1. In previous assignments you were asked to propose a statistical model with population features that may be appropriate to estimate from the real data set you have chosen for your class project, and you were asked to consider various estimation procedures and algorithms. To evaluate an estimation procedure and algorithm, you will want to generate synthetic data from your posited statistical model. The “true” parameter values should be set as the parameter estimates from the real data set, and the point of a simulation study of synthetic data is to determine if you are able to correctly estimate the “true” parameter values on synthetic data. If so, the simulation study will lend credibility to the fitted real data model, and if not, the simulation study will help to identify and correct any mistakes in the estimation procedure/algorithm code or any shortcomings in the model formulation. Using pseudocode, describe how you will be able to generate synthetic data from your posited statistical model.

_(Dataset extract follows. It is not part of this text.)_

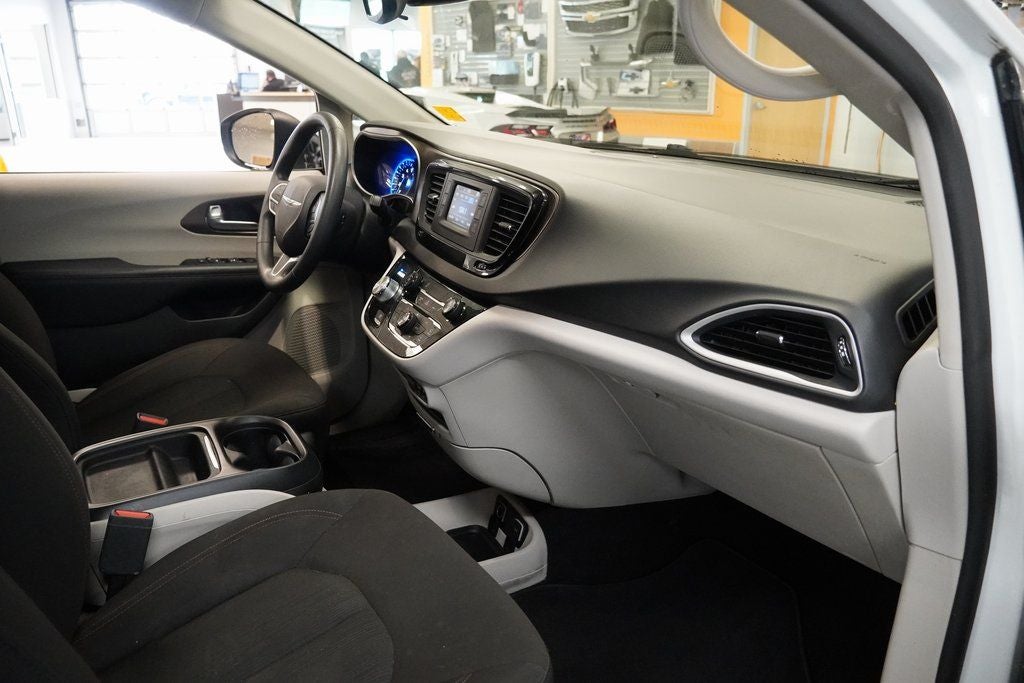2017 Chrysler Pacifica Touring L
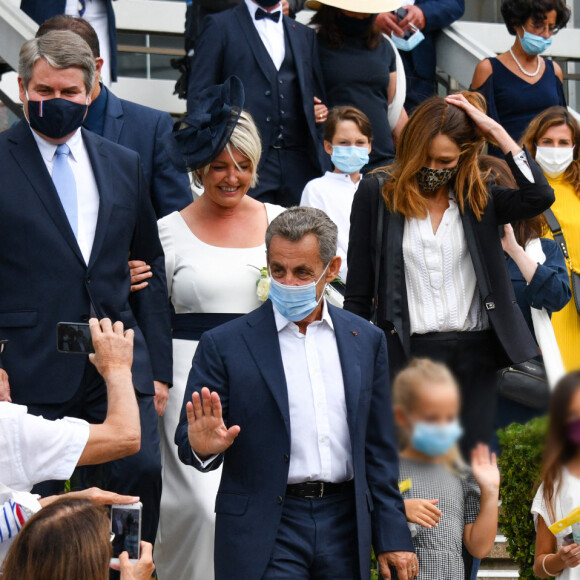 Le maire de La Baule Franck Louvrier, sa femme Sophie Jolivet, Nicolas Sarkozy, sa femme Carla Bruni, leur fille Giulia avec une amie - Mariage du maire de La Baule, Franck Louvrier (ex-conseiller en communication du Président de la République N.Sarkozy) avec Sophie Jolivet à l'hôtel de Ville de La Baule, France, le 5 septembre 2020. © Sébastien Valiela/Bestimage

  2. Let \(S\) be a nonempty subset of an inner product space \(V\). The orthogonal complement to the set \(S\) is defined as

    \[ S^\perp := \{x \in V : \langle x, y \rangle = 0 \text{ for every } y \in S\}. \]
    1. Show that \(S^\perp\) is a subspace of \(V\) for any \(S \subseteq V\).
    2. Let \(W \subseteq V\) be a finite dimensional subspace, and let \(y \in V\). Show that there exist unique vectors \(u \in W\) and \(z \in W^\perp\) such that \(y = u + z\).
    3. Let \(X \in \mathbb{R}^{n \times p}\). Verify that \(\text{col}(X)\) and \(\text{null}(X')\) are orthogonal complements.
  3. Recall that in the case that \(X \in \mathbb{R}^{n \times p}\) does not have full column rank, \((X'X)^{-1}\) does not exist, and so \(\mathcal{P}_X := X(X'X)^{-1}X'\) does not exist. However, using the SVD of \(X\) we can still construct an orthogonal projection matrix onto \(\text{col}(X)\). Write an R function that takes as input \((X)\), where \(X\) is an \(n \times p\) matrix, and returns the orthogonal projection matrix onto \(\text{col}(X)\), regardless of the column rank of \(X\).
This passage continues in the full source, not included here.